Task requirements:
Would you transcribe exactly the lines below, starting at the one that contains "Patsy Randolph tweet media" and ending with the last line, both included? Leave out all other lines.

Stored data:
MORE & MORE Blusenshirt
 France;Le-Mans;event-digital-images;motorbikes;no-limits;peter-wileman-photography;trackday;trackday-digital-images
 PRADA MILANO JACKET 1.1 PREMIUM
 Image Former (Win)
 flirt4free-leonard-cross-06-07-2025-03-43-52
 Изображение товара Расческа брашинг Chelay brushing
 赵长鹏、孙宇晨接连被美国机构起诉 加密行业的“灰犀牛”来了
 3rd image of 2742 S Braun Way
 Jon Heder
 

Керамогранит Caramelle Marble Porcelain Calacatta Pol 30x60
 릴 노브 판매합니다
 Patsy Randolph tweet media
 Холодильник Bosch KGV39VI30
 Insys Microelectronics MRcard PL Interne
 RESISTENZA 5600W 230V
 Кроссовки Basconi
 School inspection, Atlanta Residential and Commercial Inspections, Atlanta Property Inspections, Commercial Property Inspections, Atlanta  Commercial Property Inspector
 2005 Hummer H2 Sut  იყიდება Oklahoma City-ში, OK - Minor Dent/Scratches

Answer to the problem:
 Patsy Randolph tweet media
 Холодильник Bosch KGV39VI30
 Insys Microelectronics MRcard PL Interne
 RESISTENZA 5600W 230V
 Кроссовки Basconi
 School inspection, Atlanta Residential and Commercial Inspections, Atlanta Property Inspections, Commercial Property Inspections, Atlanta  Commercial Property Inspector
 2005 Hummer H2 Sut  იყიდება Oklahoma City-ში, OK - Minor Dent/Scratches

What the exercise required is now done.